**DATASET RECORDS**
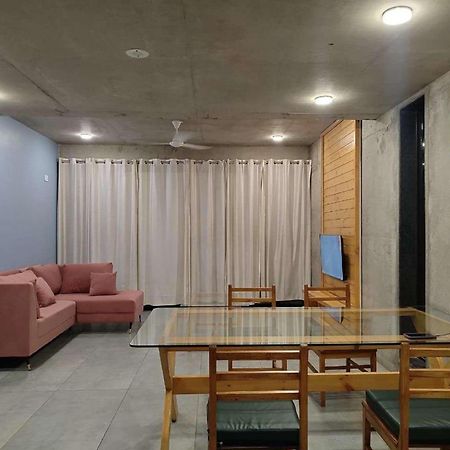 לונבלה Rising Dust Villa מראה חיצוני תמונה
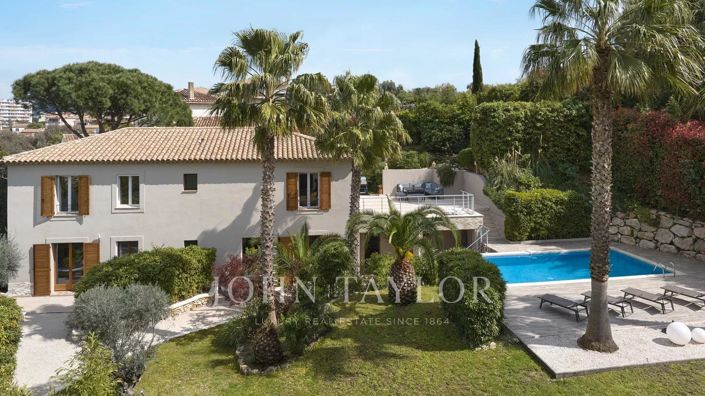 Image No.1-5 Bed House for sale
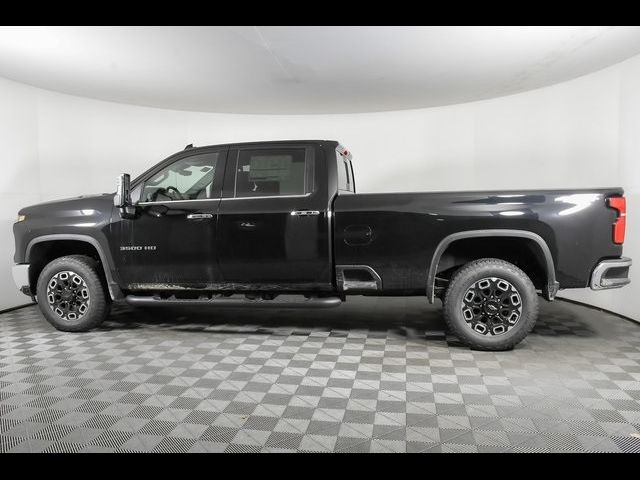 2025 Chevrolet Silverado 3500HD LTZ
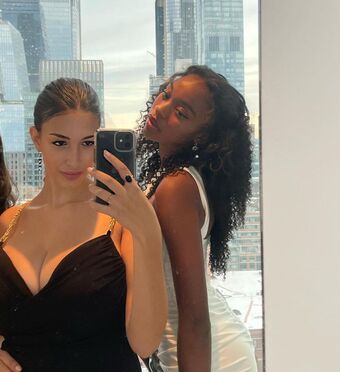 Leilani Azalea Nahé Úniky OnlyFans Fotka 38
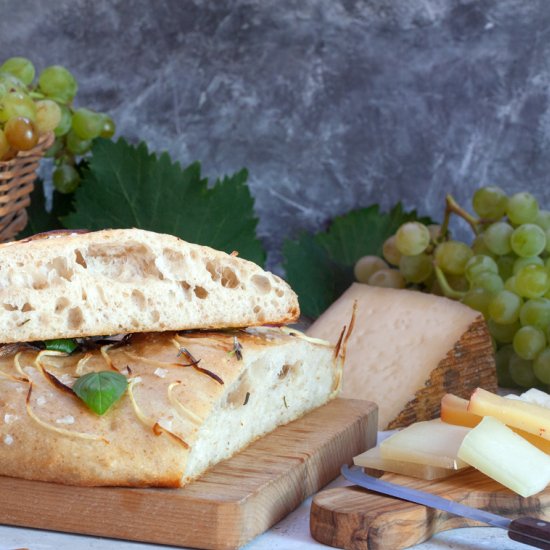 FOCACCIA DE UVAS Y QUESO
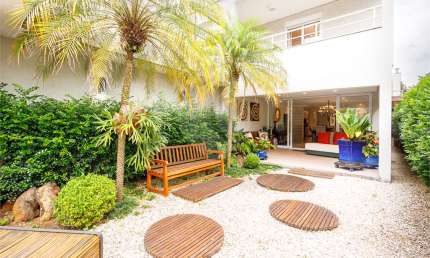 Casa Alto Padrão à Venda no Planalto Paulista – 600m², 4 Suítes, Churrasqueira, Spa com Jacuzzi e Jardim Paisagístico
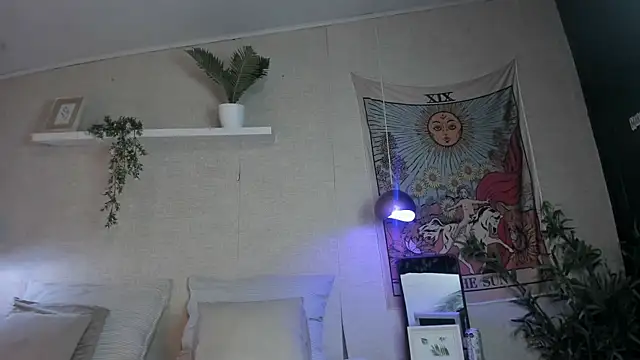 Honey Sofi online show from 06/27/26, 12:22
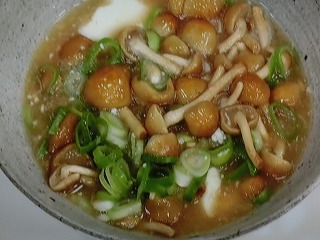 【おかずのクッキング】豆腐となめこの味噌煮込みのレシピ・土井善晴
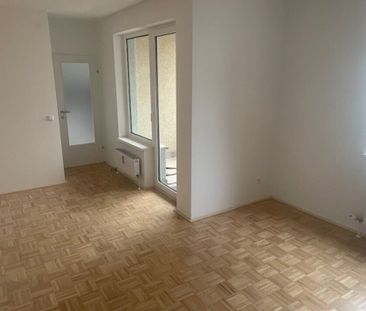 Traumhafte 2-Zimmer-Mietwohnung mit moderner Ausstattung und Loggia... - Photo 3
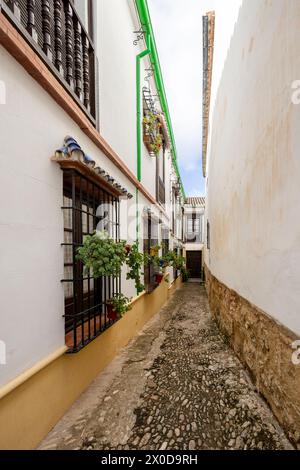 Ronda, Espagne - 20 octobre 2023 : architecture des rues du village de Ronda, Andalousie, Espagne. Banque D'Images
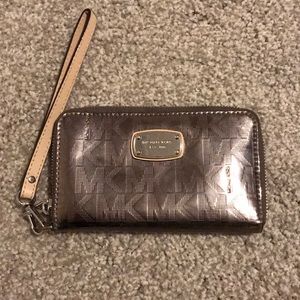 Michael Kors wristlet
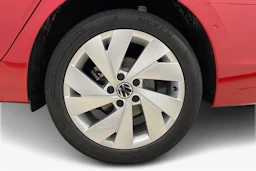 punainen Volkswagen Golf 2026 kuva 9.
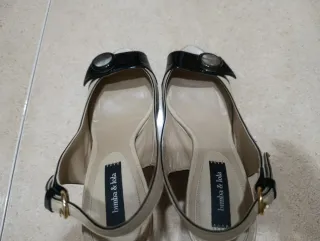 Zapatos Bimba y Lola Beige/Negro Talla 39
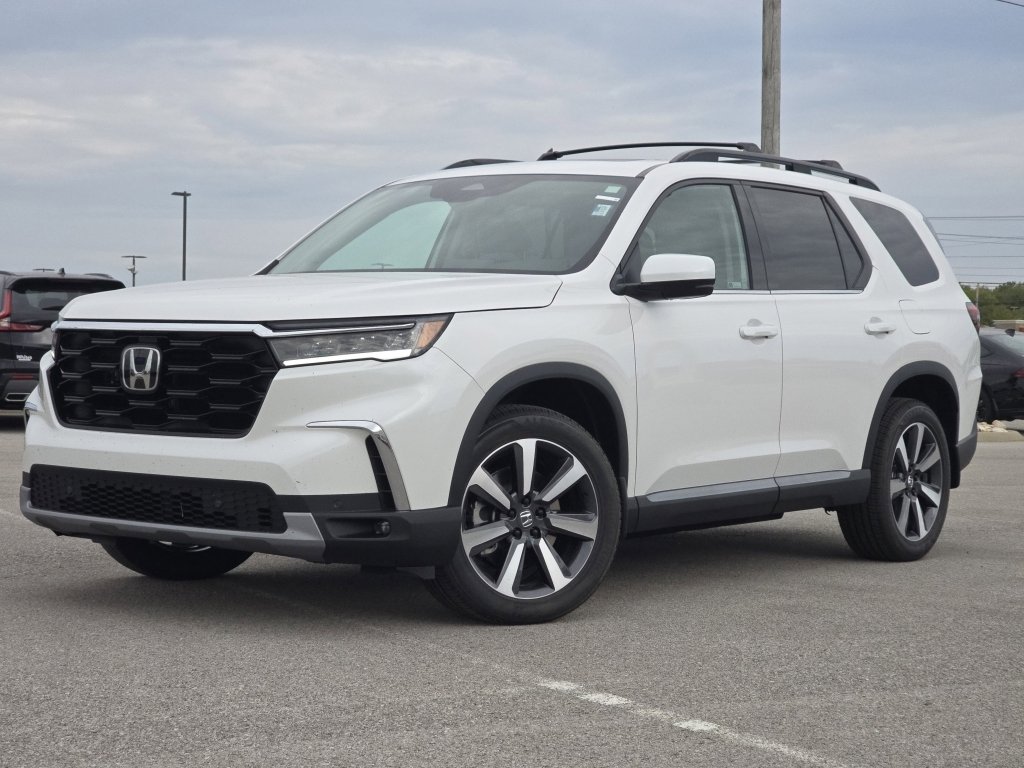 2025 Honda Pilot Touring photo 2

**TASK DIRECTIONS**
Each line from the one holding "Traumhafte 2-Zimmer-Mietwohnung mit" through the end of the listing is to be output exactly, both ends included, with no other lines and the pictures left out.

**PROBLEM SOLUTION**
 Traumhafte 2-Zimmer-Mietwohnung mit moderner Ausstattung und Loggia... - Photo 3
 Ronda, Espagne - 20 octobre 2023 : architecture des rues du village de Ronda, Andalousie, Espagne. Banque D'Images
 Michael Kors wristlet
 punainen Volkswagen Golf 2026 kuva 9.
 Zapatos Bimba y Lola Beige/Negro Talla 39
 2025 Honda Pilot Touring photo 2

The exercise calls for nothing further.